The need to align business with the disparate components of the enterprise has recently become a top priority. The speed at which they require data and information exchange has become ever more important. Convergence of business practices and information technology is the ultimate goal. However, this goal is meaningless unless the technology is as adaptive as the environment it supports. Due to ever changing technology, customer demands, policies and governance, mergers and acquisitions, and economic pressures, business survivability requires an enterprise that is flexible, responsive, and above all, adaptive. Their survival may very well depend on its ability to accomplish this better and faster than its competitors. These are the founding reasons and principals behind the Service Oriented Architecture (SOA) movement.

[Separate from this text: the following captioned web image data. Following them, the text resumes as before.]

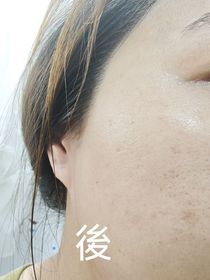 Erica -YVES ROCHER花萃幹細胞再生煥肌水_3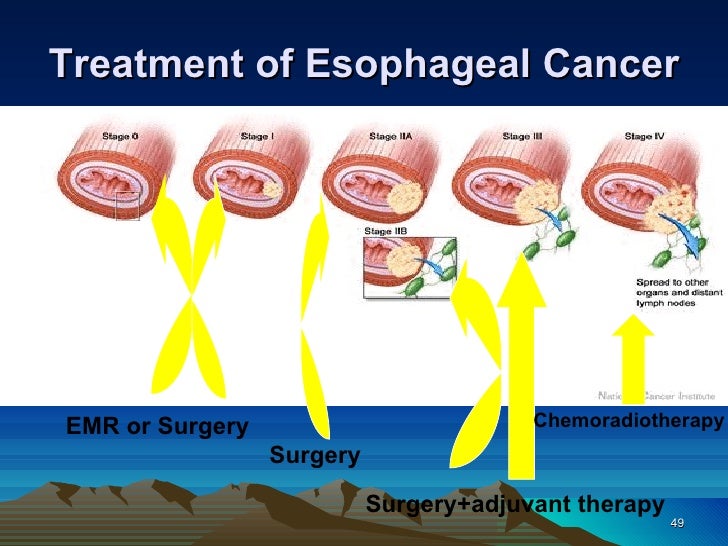 How is esophageal cancer treated?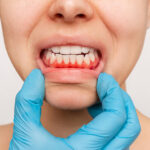 Signs You Need Professional Gum Treatment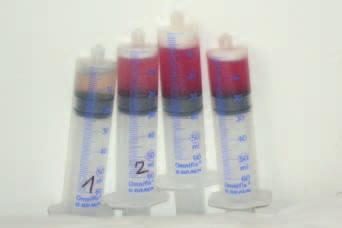 Co mohou skrývat dýchací cesty u granulomatózy s polyangiitidou (Wegenerovy granulomatózy) s postižením ledvin Obr. č.
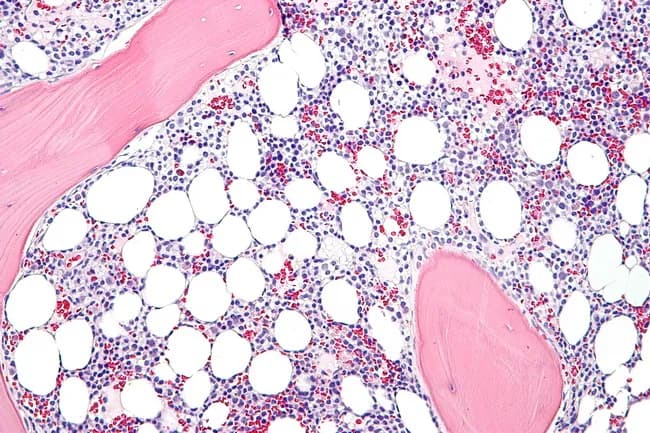 Light microscopy of a bone marrow biopsy from hairy cell leukemia (HCL) shows diffuse infiltration by small to medium lymphoid cells with abundant clear cytoplasm and oval, occasionally reniform nuclei; the cytoplasm creates a fried egg appearance. Hairy projections may be highlighted by immunostaining and by DBA.44 positivity, along with CD11c, CD25, and CD103 markers. The marrow is commonly hypercellular in established disease, whereas early involvement may be hypocellular and mimic aplastic anemia. Prominent reticulin fibrosis is typical and can hinder aspirate yield, making core biopsy essential for assessing infiltration and baseline disease burden. Normal hematopoietic elements, especially the myeloid lineage, are reduced and may display dysplastic changes resembling myelodysplastic syndrome. Plasma cells and mast cells may be mildly increased. In some cases, hairy cells assume a spindle-shaped morphology. The neoplastic cells are typically monotonous with minimal prominent nucleoli, and cytoplasm may exhibit cytoplasmic processes. Unlike several small B-cell lymphomas, discrete cellular aggregates are uncommon, with diffuse replacement predominating. Immunohistochemistry and flow cytometry confirm the diagnosis via characteristic immunophenotype. Clinically, marrow involvement informs staging, prognosis, and treatment planning, though peripheral blood smear and immunophenotypic profiling often suffice for diagnosis. This image, captured at high magnification on a hematoxylin and eosin stained section, showcases classic hairy cell features.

By now every CIO and CTO understands the proposed virtues of SOA, however, many are still on the sidelines. The reason is simple. They do not believe current solutions support the techno-marketing value propositions of SOA (IT agility, increased scalability and availability, reduced development time, support for multiple clients and platforms, lowered development costs, universality, standards-based, higher return on investment and others). The main culprit is the inability for complex enterprises to unify their existing components without the burden of heavy custom coding. To gain better acceptance, CIOs and CTOs must be convinced that SOA provides the necessary means to facilitate fast and effective implementation of new business practices into the infrastructure beyond the web services methodologies. This requires plug-and-play integration with minimal custom coding, real-time data and information exchange, service and target oriented implementation, and the ability to scale the enterprise up or down on demand and in line with changing business needs. This requires a solution that can provide most of the SOA benefits out of the box.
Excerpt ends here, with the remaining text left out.